Holding Institutions: 

Library and Archives Canada: 35mm, VHS, Digibeta.
"Footage taken by the Ford Motor Company of Canada Limited in aid of [the] Greater Food Production Movement, and dedicated to the Canada Food Board. The Border Manufacturers' Farmer Association of Windsor, Walkerville, Sandwich, Ford and Ojibway have a novel scheme for increasing food production. Some land within three miles of Windsor, Ontario which has not been touched with the plough in four years and some adjacent land which this Association is putting under cultivation. There are 200 acres under cultivation, with plans to use 500 acres. Man sitting on tractor, posing for camera. A group of officers and active participants in the movement, including Harry Neal, who came up with the idea.

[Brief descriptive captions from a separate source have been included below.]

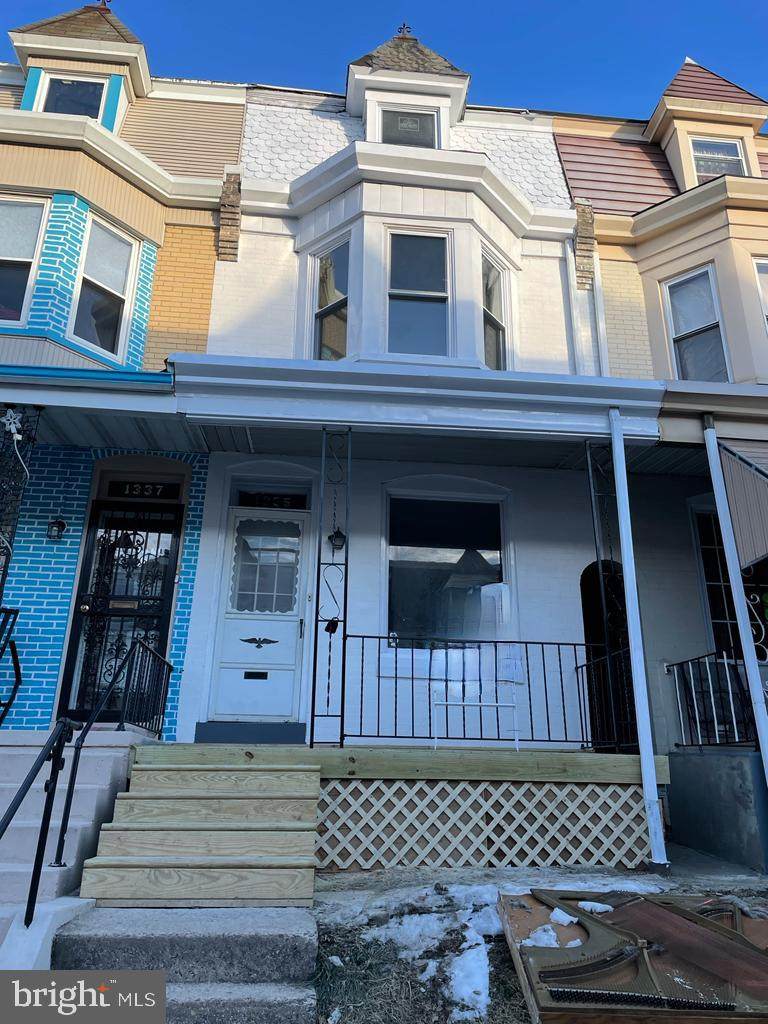 1335 Locust Street - Photo 1
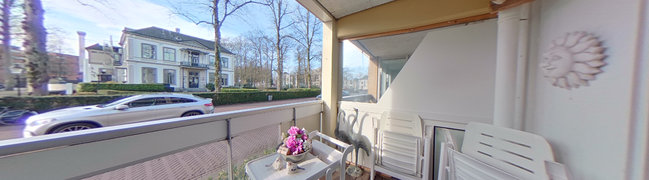 Bekijk 360° foto van balkon van Hoofdstraat 210-A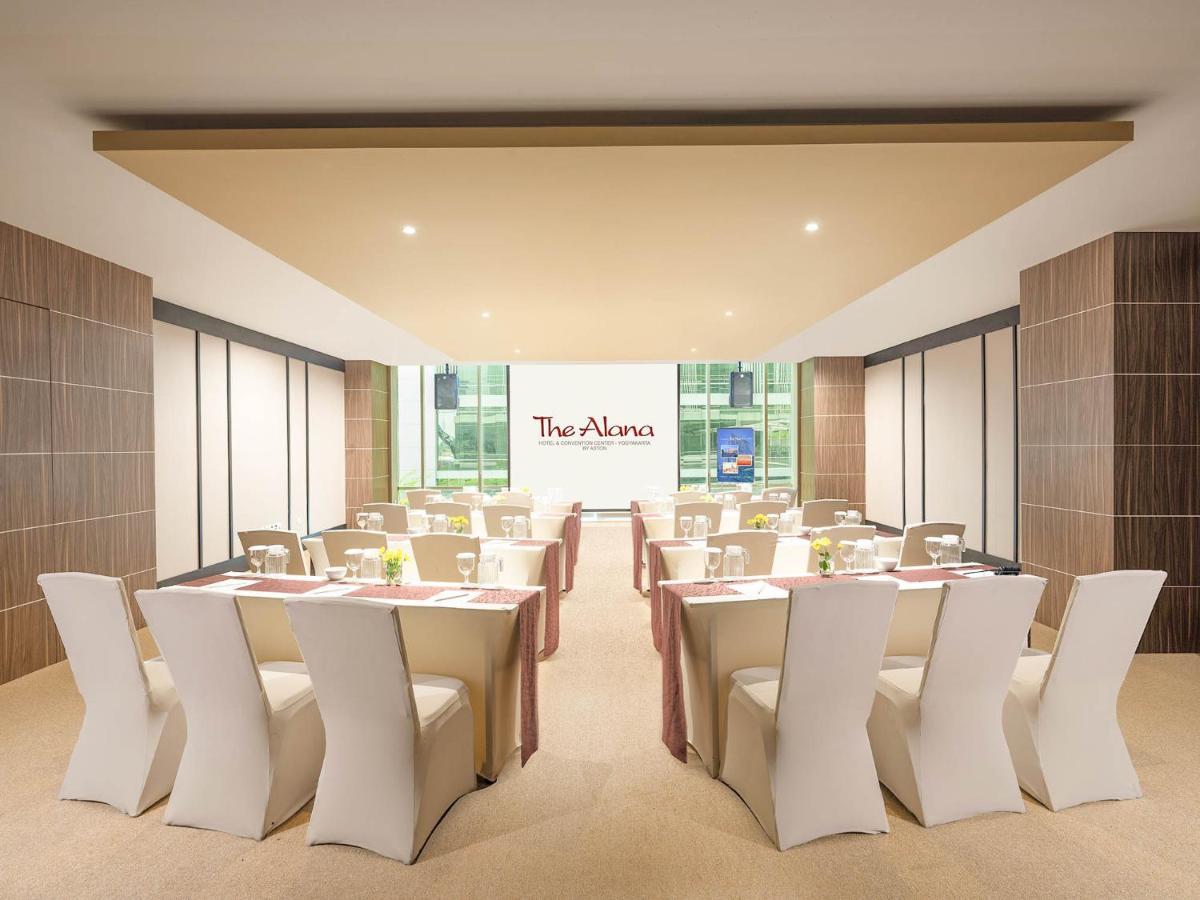 The Alana Yogyakarta Hotel And Convention Center Sleman  Zewnętrze zdjęcie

The idea is spreading because the scheme does not interfere with farm labour. Rather, it uses factory labour, a great part of which originally came from the farm and is experienced in farm work. Scenes near Chatham, Ontario show man on tractor ploughing a field, various types of Ford tractors pulling cultivating implements, a roller and a wagon, men forking some kind of vegetation or manure onto a wagon, tractor pulling two wagons, spreading manure(?); more ploughing; man measures depth of ploughing and lifts up chunk of earth; teams of horses pulling road scraper replaced by one Fordson tractor; horses and tractor stand side-by-side; the tractor is fuelled by kerosene while a horse can consume the produce of five acres each year. Man puts fuel in tractor. Various kinds of road-making equipment."